朝日は3月23日付社説「日中韓外相会談 課題解決へ協力深化を」で、「国際秩序が大きく揺らぐ中(中略)3カ国が、着実に協力を深めていく必要がある」と前置きした上で、「日韓にとって、中国は最大の貿易相手国である。中国にとっても、日韓は輸出入とも上位を占める。経済では切っても切れない関係にあり、3カ国にまたがる貿易・投資や人的交流などを進めることは、お互いの利益になる」と経済的互恵関係を述べた。
さらに朝日は、「各国とも少子高齢化の問題を抱えており、その対策が必要な点で共通している。災害時における救援は、隣国同士ゆえ、より効果的だ。

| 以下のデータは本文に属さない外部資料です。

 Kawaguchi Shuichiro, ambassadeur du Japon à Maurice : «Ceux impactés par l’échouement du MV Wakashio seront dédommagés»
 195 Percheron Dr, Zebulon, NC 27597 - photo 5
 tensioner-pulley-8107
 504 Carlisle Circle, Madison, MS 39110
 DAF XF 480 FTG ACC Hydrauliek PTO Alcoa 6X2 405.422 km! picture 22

気候変動や公衆衛生など地球規模の課題にも、協力して取り組むべきだ」とし、協力関係強化のテーマはメジロ押しだと強調した。
日米離間の狙い指摘
一方、産経の同23日付主張「日中外相会談 互恵関係の『基礎』がない」では、「トランプ政権の対中圧力に直面する中国は、対日関係を改善し、近年減少している対中投資を増やしたいのだろう。日米同盟に楔(くさび)を打ち込むねらいもあるように思われる」と総括し、経済の低迷にあえぐ中国が景況感を押し上げる日本からの投資を呼び込みたい思惑と日米離間を図る戦略的外交策を指弾した。

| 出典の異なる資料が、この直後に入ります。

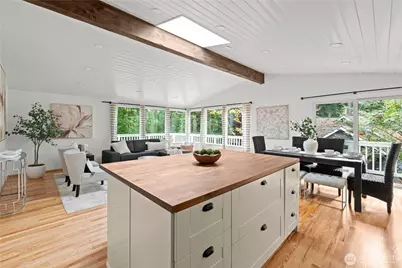 8732 209th Place SW, Edmonds, WA 98026 - Photo 6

同主張は具体的な問題点として「東京電力福島第1原発の処理水海洋放出に伴って中国側が禁輸した日本産水産物の輸入再開の協議推進を確認した」ものの「掛け声ばかりで再開時期は明らかにならなかった」と苦言を呈し、馬の鼻先にニンジンとばかりバーゲニングパワーとして日本産水産物の輸入再開問題を使っている懸念があることを批判した。
また、「中国当局が複数の邦人を拘束している問題も進展はなかった」として「この深刻な人権問題が解決しなければ日本人ビジネスマンは安心して赴任できない」と正論を述べた。

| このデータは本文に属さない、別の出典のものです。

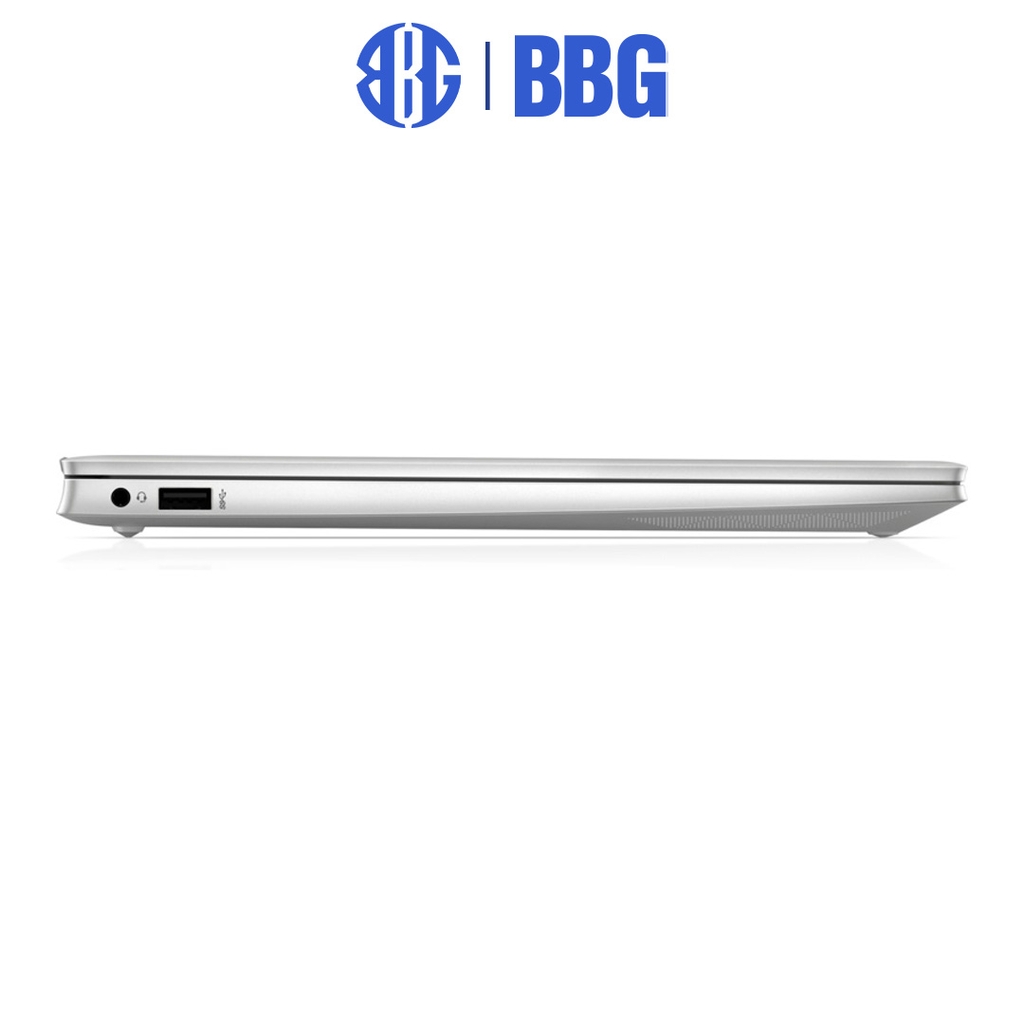 Máy tính xách tay Laptop HP Pavilion 14-dv0510TU (Core i5-1135G7,8GB RAM,512GB SSD,14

中国では2014年に「反スパイ法」が施行されて以降、日本人がスパイ行為に関わったなどとして当局に拘束されるケースが相次ぎ少なくとも17人が拘束され、このうち10人が実刑判決を受け、服役したまま北海道出身の70代の男性が死亡してもいる。
中国が本気で投資を呼び込みたいのなら、自己中心的な強権統治によって恣意(しい)的に自由を奪うような人権無視の拘束は早々に解くべきだ。しかし、この問題で中国側から前向きな返答はなかった。
台湾への乱暴な示威
さらに同主張は安全保障問題を取り上げ、「22日朝までの24時間で中国軍は、沖縄のすぐ隣に位置する台湾の周辺で軍用機のべ47機、軍艦7隻などを展開した。台湾への乱暴な示威行動は容認できない。尖閣諸島周辺での中国海警局船の領海侵入や、与那国島沖の日本の排他的経済水域(EEZ)内の中国ブイの問題も解決していない」と指摘した上で、「中国側の実際の行動に大幅な改善がない限り、中国との関係強化はあり得ない」と断じた。
能天気な朝日に比べ、産経は地に足が着いている。とりわけ安全保障を担保できないままでの経済関係強化は相手国に軍備増強の資金と技術を提供することになりかねず、いずれ国家そのものが立ち行かなくなるリスクが厳然として存在する。
朝日があえて能天気を装っているとしたら、その業は深い。